There are four kinds of tobacco reared in Virginia, namely, the sweet-scented, which is the best; the big and little, which follow next; then the Frederick; and lastly, the one and all, the largest of all, and producing most in point of quantity. The Virginian tobacco is reckoned superior to any raised in the southern states; and great care is taken by the regulations of the state, that no frauds be practised upon the merchants, and that no inferior tobacco be palmed upon the purchaser. For this purpose, houses of inspection are established in every district where tobacco is cultivated, whose regulations are rigorously enforced; this contributes, as much as the real superiority of the article itself, to keep up its price in the market. Every person who intends his tobacco for exportation, packs it up in hogsheads, and thus sends it to one of the inspecting houses. Here the tobacco is taken from the cask, which is opened for the purpose; it is examined in every direction, and in every part, in order to ascertain its quality and its purity; if any defect is perceived, it is rejected and declared to be unfit for exportation. If no defect appear, it is pronounced to be exportable. It is then repacked in the hogshead, which is branded with a hot iron, marking the place of inspection, and the quality of the contents; and then lodged in the inspecting storehouses, there to await the disposal of the planter, who receives a certificate of the particulars, serving at the same time as an acknowledgment of the deposit. It is by selling this tobacco note to the merchant that the planter sells his tobacco. The purchaser, on viewing this note, is as well acquainted with the article, as if he had inspected it himself; and he has only to send the note and transfer to the store where the tobacco lies, and it is immediately delivered out, agreeably to his orders. This measure has insured a preference in the foreign market to the Virginian tobacco, and prevents the deterioration of the article.

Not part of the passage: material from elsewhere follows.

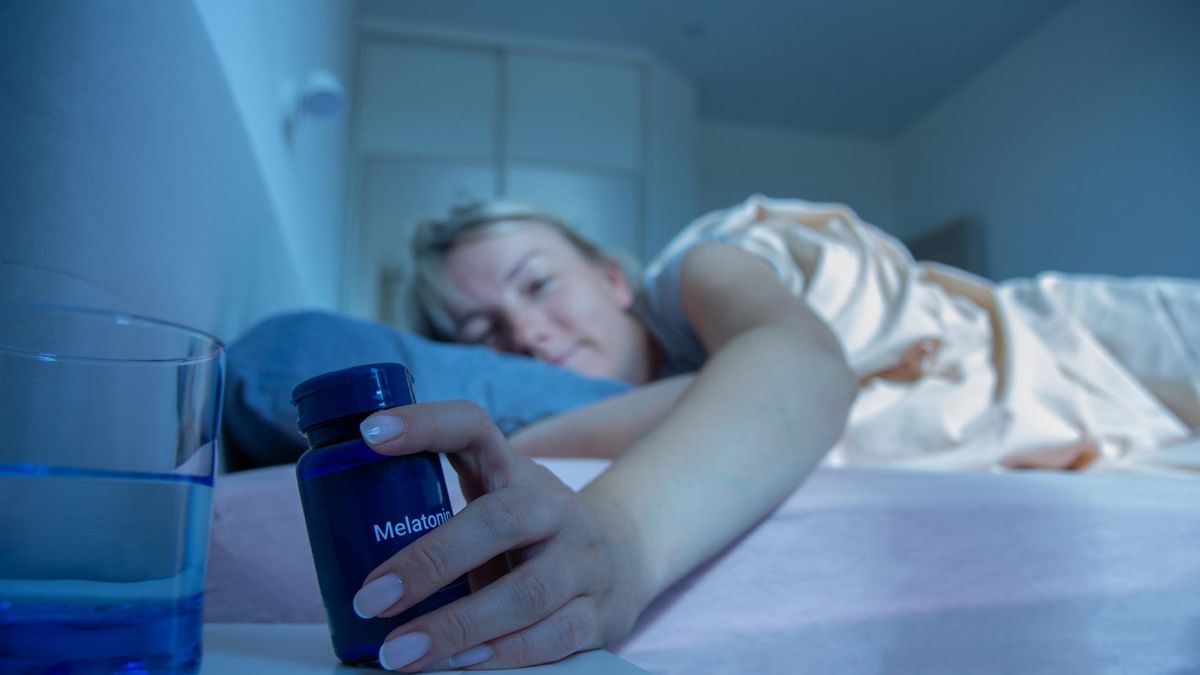 Osoby regularnie sięgające po melatoninę rzadziej chorowały na AMD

The soil most proper for the cultivation of cotton is found in the islands lying on the coast. Those belonging to the state of Georgia produce the best, known in France by the name of Georgia cotton, and in Great Britain by the name of Sea Island cotton. This variety of cotton has a deep black seed, and very fine, long wool, which is easily separated from the seed by the roller gins, which do not injure the staple. In the middle and upper country, the green seed or inferior cotton is produced; this kind is less silky, and adheres so tenaciously to the seed, that it cannot be separated without the action of a saw-gin. Though the wool of the green seed, or bowed Georgia cotton, be cheaper than the other, yet its produce is more luxuriant. An acre, which will produce one hundred and fifty pounds of black seed cotton, will generally yield two hundred pounds of the green seed kind. The packing of the cotton is done in large canvass bags, which must be wetted as the cotton is put in, that it may not hang to the cloth, and may slide better down. The bag is suspended between two trees, posts, or beams; and a negro, with his feet, stamps it down. These bags are generally made to contain from three hundred and fifty pounds, to four hundred pounds each.
‘I have been lately favored,’ says Mr. Everett, in his valuable address before the New York Institute, in October, 1831, ‘with a minute statement of the average product of five or six cotton plantations in two of the south-western states, ascertained by putting together the income of a good and bad year. The result of this statement is, that the capital invested in these plantations yields from fifteen to twenty per cent. clear; and the net profit accruing to the proprietor, for the labor of each efficient hand, is two hundred and thirty-seven dollars and fifty cents per annum; being a clear gain of four dollars and fifty cents per week. It further appears that on one of these plantations, (and the same, though not stated, is believed to hold of the others in due proportion,) worth altogether, for land, labor, and stock, ninety-two thousand dollars, the entire amount of articles paying duty annually consumed, is two thousand three hundred dollars. The average crop of this plantation, taking a good and bad year, is fourteen thousand five hundred dollars. Suppose the duties to be thirty-three and one third per cent. and the whole amount of the duty to be actually assessed, in the shape of an enhanced price of the article, (the contrary of which is known to be true, for in several articles the entire price is little more than the duty,) it would amount to less than seven hundred and thirty dollars per annum on a clear profit of fourteen thousand five hundred dollars.’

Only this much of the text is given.